For a team that from the onset of 2017 had been steadily improving yet searching for firm dependability, the pairing of the experienced Hulkenberg with the refreshing Ricciardo meant Renault had a stable alliance finally.
And while the start to the 2019 season was anything but desirable for the Perth-born driver, who took 3 Grands Prix to open his account, what was upsetting, was that the season-opener at Australia, a home race for him, transpired into a DNF.
Yet, not a guy who would rue lost chances, the ever-smiling assassin soon made it count courtesy a P6 at China, F1’s 1000th Grand Prix outing.
Yet, at the end of the season, 21 Grands Prix later, it certainly didn’t cut a lame figure for Renault who amassed 91 points. But implicit in these points was their new man’s contribution.
That Daniel Ricciardo gathered 54 of those 95 points meant that a newcomer donning the bright yellows had gathered the lion’s share of points for an outfit that so needed him to perform.
In all honesty, apart from the discontent courtesy drives at Australia, Austria, Spain, France, and Bahrain, Daniel Ricciardo reciprocated the faith that the Cyril Abiteboul-outfit posed in him.
The importance of Monza’s drive in 2019
We cannot possibly forget that stellar drive at Monza, where a hard-fought P4 earned Renault 12 valuable points, a facet that saw him outdo Hulkenberg, whose best came in the very contest courtesy that P5.
That Ricciardo qualified fifth, just behind the Ferraris and Mercs was a stern warning to the other feisty midfielders- most noticeably McLaren and Alfa Romeo that this wasn’t the team to be messing with.
But there’s more to 2019 Italian Grand Prix.
The very race that saw the best team result for Renault, courtesy 22 points, the most in the entirety of 2019, also saw Ricciardo stake a claim to the best-ever performance by a Renault driver from the start of the 2017 season.
Believe it or not, the furthest Nico Hulkenberg went during his 3-year Renault stint had been the drives at Germany 2018 and Monza 2019, where he claimed no more than a P5 on both occasions.

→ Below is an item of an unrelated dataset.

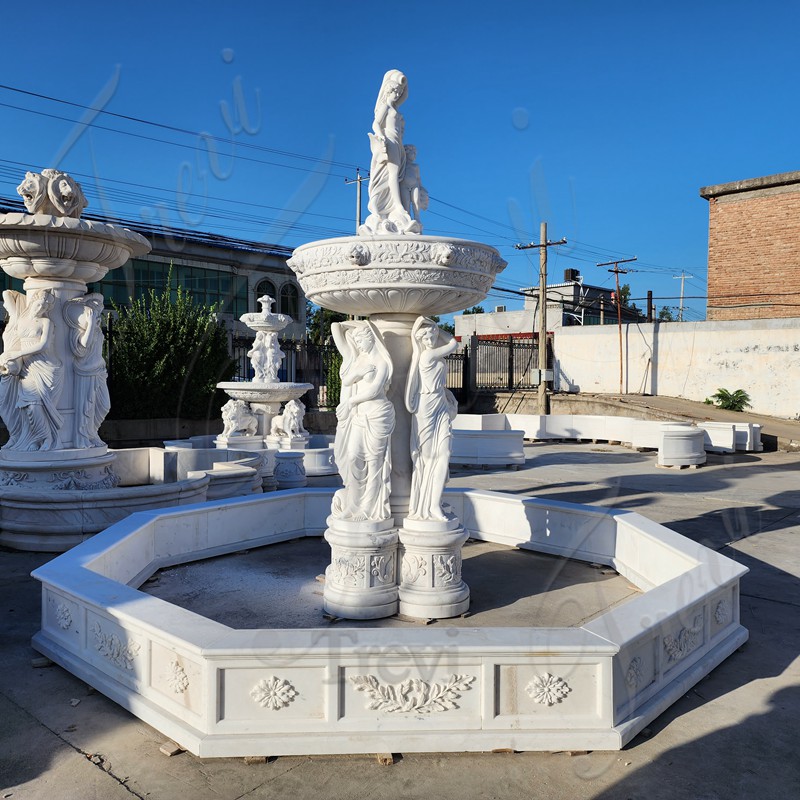 white marble statue water fountain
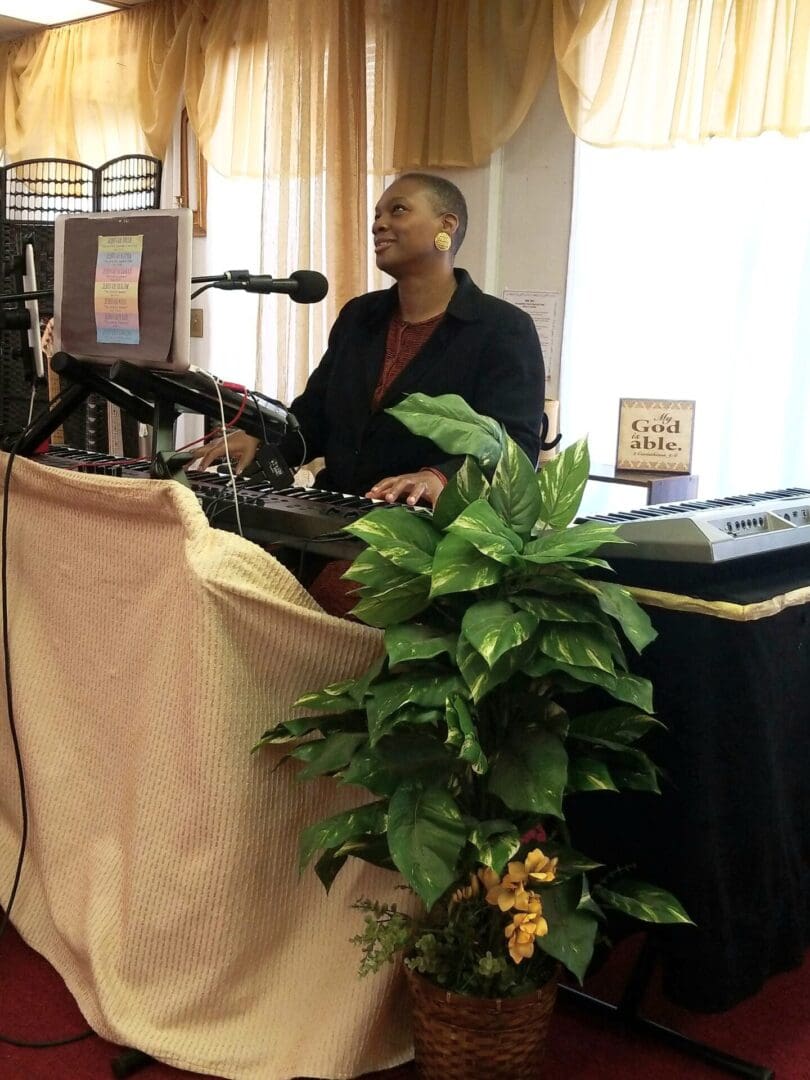 A person standing at a lectern with a microphone and audio equipment, with a plant in the foreground.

In that aspect, Ricciardo in his maiden season gathering a fourth-place finish meant that here was a driver who could not only upset the established norm but also better it in his own unique ways.
But with the 2020 season having been suspended until further notice, with many claiming that the first race of the season could not arrive before the Austrian Grand Prix, Ricciardo’s team are left with a mighty challenge.
What is to become of Abiteboul’s unit come 2021?
We know that Daniel Ricciardo had only signed a 2-year deal which was up for further extension, which, whether or not actually happens, is in the realm of the unknown.
So this clearly means that come the 2021 season, yes that very year with myriad new racing rules and Daniel Riccardo is a free agent.
He can pick and choose any team that gives him a further chance but at the same time, it would obviously lead Renault to fill in big boots.
While we are reeling with the massive discontent of having not had any Grand Prix racing whatsoever thus far, what we are also suffering from is this void at having not seen what might Daniel Ricciardo have achieved so far in the season.
Clearly, even if 10 races happen or at the most 14, we will still see something great hopefully. But sadly, it won’t ever be telling of all that Daniel Ricciardo could’ve gathered with his customary appetite to put up a great show.
All said and done, if it so happens that he’s let go of from 2021, his would be a rather brief romance with Renault, a team with which he could’ve done so much, a team that hardly got to see all he was capable of doing for them, in a bid to lift their fortunes as a capable and fighting force in the midfield.
The same way Norris has answered back for McLaren, the same way Raikkonen has raised the game for Alfa Romeo.
That said, this raises a big but pertinent question. Can Fernando Alonso, who’s yet to decide on his ‘possible’ F1 return mark a return? And if not, then will we see Nico Hulkenberg getting back into the yellow and black racing suit, or will it be someone else?
Where it stands at the moment, then F1 is still buzzing with the excitement of what might be.